This is the primary drawback of prescriptive discounting: It risks technocratic overreach. Researchers impose their own ethical judgments into their analyses even though those values may not reflect public preferences.
Ethics of the Ramsey formula / Although much ink has been spilled exploring the ethical dimensions of different discount rates and values of the Ramsey parameters, there is no consensus on the right values to use. Taken to their extremes, both the pure rate of time preference and inequality aversion suggest potentially troubling conclusions. Ultimately, the Ramsey formula is an oversimplification of an incredibly complex ethical dilemma. Exploring different values of the parameters and their implications, however, helps illuminate some of the tradeoffs.
Pure rate of time preference When the ethical implications of the PRTP are considered, especially at large values, it is difficult to defend. For example, assuming that there will be no future growth (i.e., g = 0 in the Ramsey equation), a PRTP of 1.5 percent implies that a person’s well-being in 50 years is worth about half our own. The postscript to the Stern Review observes, “In other words, a grandparent would tell a grandchild that simply because the latter’s consumption flow came later (e.g., 50 years) in time than his or her own consumption flow, it would be correct to assign a value of less than half to it in thinking about the consequences of actions today.” The implications grow more severe the further out we look: A person’s well-being in 300 years would be valued at just 1 percent of a present person.
However, a PRTP of zero also leads to some troubling conclusions. It demands that we value other people’s well-being as equal to our own. Under certain assumptions, including a positive rate of return on investment and an infinite time horizon, Koopmans et al. (1964) found that this can imply that society should defer all consumption for future generations. These findings have been challenged based on their assumption of an infinite time horizon, but their underlying intuition remains the same: A zero PRTP can lead to excessive sacrifice for the distant future.
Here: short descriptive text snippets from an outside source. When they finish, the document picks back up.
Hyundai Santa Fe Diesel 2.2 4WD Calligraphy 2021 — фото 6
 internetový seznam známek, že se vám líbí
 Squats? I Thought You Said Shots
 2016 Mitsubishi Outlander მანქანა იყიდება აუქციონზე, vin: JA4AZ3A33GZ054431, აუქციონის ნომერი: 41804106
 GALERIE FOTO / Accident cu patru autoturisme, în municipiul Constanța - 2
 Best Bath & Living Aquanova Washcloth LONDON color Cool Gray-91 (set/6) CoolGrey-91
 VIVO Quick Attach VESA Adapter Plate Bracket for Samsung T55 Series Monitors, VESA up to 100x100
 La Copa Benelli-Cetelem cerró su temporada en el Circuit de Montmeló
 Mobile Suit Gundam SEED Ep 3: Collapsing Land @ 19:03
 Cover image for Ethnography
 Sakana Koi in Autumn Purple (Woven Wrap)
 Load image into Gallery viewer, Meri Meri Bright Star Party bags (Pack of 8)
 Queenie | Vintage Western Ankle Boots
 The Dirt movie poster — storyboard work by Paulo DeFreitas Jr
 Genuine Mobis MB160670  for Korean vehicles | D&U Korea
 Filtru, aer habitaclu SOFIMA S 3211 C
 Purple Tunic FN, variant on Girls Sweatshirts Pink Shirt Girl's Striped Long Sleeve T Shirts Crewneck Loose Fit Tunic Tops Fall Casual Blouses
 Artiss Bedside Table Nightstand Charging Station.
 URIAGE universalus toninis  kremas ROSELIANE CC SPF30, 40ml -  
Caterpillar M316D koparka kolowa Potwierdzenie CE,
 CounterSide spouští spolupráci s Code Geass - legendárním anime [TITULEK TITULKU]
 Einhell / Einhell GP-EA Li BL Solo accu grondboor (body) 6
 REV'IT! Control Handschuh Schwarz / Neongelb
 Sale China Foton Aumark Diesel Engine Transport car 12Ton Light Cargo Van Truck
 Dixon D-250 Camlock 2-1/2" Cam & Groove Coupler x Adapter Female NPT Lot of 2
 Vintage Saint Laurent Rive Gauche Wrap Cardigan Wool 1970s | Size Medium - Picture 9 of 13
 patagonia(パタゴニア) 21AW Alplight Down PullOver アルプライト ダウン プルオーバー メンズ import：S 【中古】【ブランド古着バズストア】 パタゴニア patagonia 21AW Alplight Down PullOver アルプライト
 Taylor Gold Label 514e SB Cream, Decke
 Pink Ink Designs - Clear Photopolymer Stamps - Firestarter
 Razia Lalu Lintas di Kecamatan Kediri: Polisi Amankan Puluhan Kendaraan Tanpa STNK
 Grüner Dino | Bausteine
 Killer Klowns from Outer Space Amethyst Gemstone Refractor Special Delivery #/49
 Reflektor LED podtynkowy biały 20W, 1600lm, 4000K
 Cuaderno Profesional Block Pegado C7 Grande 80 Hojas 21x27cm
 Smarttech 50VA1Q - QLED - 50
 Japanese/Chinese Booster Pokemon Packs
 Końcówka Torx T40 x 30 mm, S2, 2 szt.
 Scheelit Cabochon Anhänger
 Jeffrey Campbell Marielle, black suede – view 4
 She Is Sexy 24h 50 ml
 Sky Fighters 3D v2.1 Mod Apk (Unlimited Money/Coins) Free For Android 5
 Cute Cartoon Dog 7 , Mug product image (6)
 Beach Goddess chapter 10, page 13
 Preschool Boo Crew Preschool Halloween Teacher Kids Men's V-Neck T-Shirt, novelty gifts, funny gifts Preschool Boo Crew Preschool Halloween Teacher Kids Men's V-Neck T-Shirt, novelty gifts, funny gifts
Many prominent scholars, including Rawls, Arthur Pigou, and Robert Solow, have argued that zero is the only morally defensible PRTP. Ramsey himself famously wrote that a nonzero PRTP is “a practice which is ethically indefensible and arises merely from the weakness of the imagination.” Gollier and Hammit (2014) even liken a non-zero PRTP and time-based discounting to racism or sexism.
Others have disagreed. In a paper on the ethics of the Stern Review, Beckerman and Hepburn (2007) note that people routinely weigh the interests of others unequally. For example, parents may value the well-being of their children more than strangers, and nations may value the well-being of citizens more than foreigners. Likewise, it is not necessarily unethical for current generations to discount the well-being of people who are not yet born. They contend:
The argument made by the Review rests on an (implicit) analogy: if a parent should not discount the welfare of their children and grandchildren, nor should the global decision maker discount the welfare of future generations. Yet it is not necessarily unethical to place decreasing weight on the well-being of our increasingly distant descendants, corresponding to a positive utility discount rate.
Convinced by Koopmans’ arguments, Arrow (1999) argued for a positive PRTP. In his critique of the Stern Review, Nordhaus (2007) disagrees with the use of a near-zero PRTP. To illustrate the effect of different discount rates, he utilizes a PRTP of 1.5 percent to better match his preferred observed market interest rates.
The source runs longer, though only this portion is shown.